The Supreme Court held just over a century ago in Truax v. Raich that a state could not pass a law that deprived employers from hiring only a certain percentage of non-citizens in their work force. Truax v. Raich stands for the proposition that once a non-citizen has been admitted under federal law, this individual has a right to live anywhere in the United States, and to also enjoy equal protection under law. Thus, the Arizona law that would result in the criminal prosecution of an employer who hired foreign nationals over the percentage limit was found unconstitutional. Truax v. Raich further upheld the doctrine of federal preemption of state laws that conflicted with the ability of the federal government to admit non-citizens, and which also conflicted with the Fourteenth Amendment that guaranteed foreign nationals within the jurisdiction of the United States equal protection of the laws.
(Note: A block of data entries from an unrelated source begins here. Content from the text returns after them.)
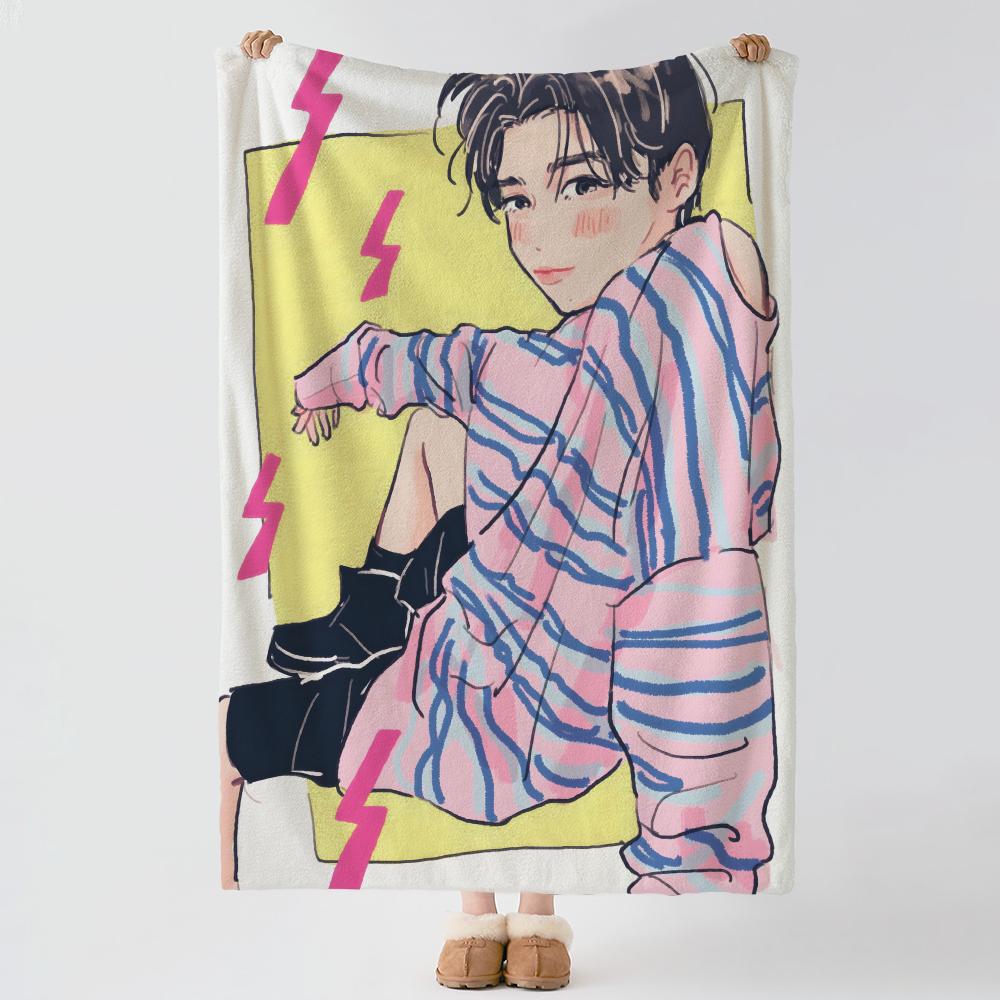 Music NNaniwa DDanshi Throw Soft Warm Flannel Blanket Multiuse Throw for Bed Sofa Office Air Conditioning Nap Blanket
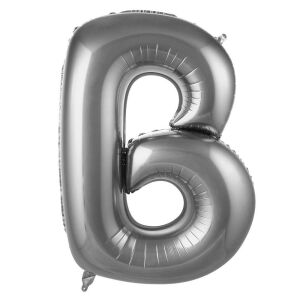 B- HARF 34 İNC GÜMÜŞ RENK BALON 76 CM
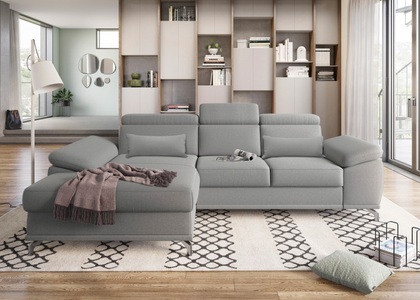 SIT&MORE, sit&more Ecksofa, sit&more Ecksofa »Cabrio L-Form, mit Sitztiefenverstellung, Arm- und Kopfteilverstellung«, 2 Nierenkissen, Federkern, optional Bettfunktion und Stauraum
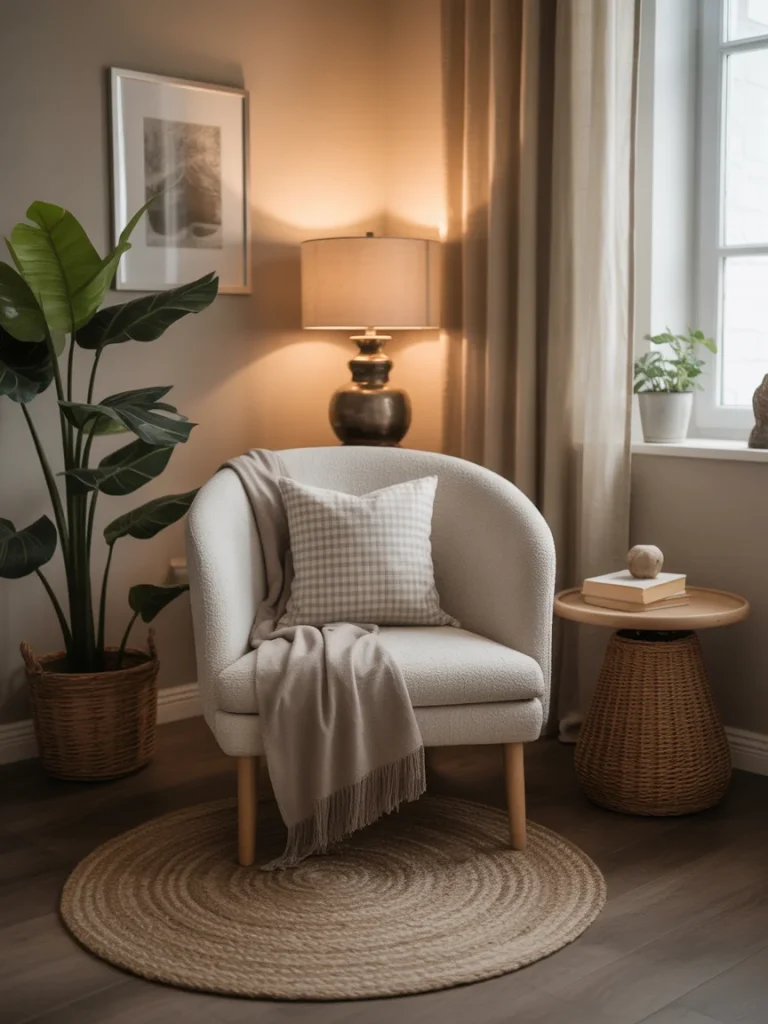 Cozy corner reading nook with a soft cream armchair, throw blanket, round jute rug, warm lamp lighting, and natural decor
In Edwards v. California, a case not involving a foreign national, the Supreme Court held invalid a California statute making it a misdemeanor for anyone knowingly to bring or assist in bringing into the State a nonresident indigent person. This case involved a US citizen and resident of California who traveled to Texas with the intention of bringing back to California his wife’s brother, who was also a US citizen and an indigent person. This person was charged under the California statute that the Supreme Court found unconstitutional, and which cited the famous words of Justice Cardozo from a prior case:
“The Constitution was framed under the dominion of a political philosophy less parochial in range. It was framed upon the theory that the peoples of the several States must sink or swim together, and that, in the long run, prosperity and salvation are in union, and not division.”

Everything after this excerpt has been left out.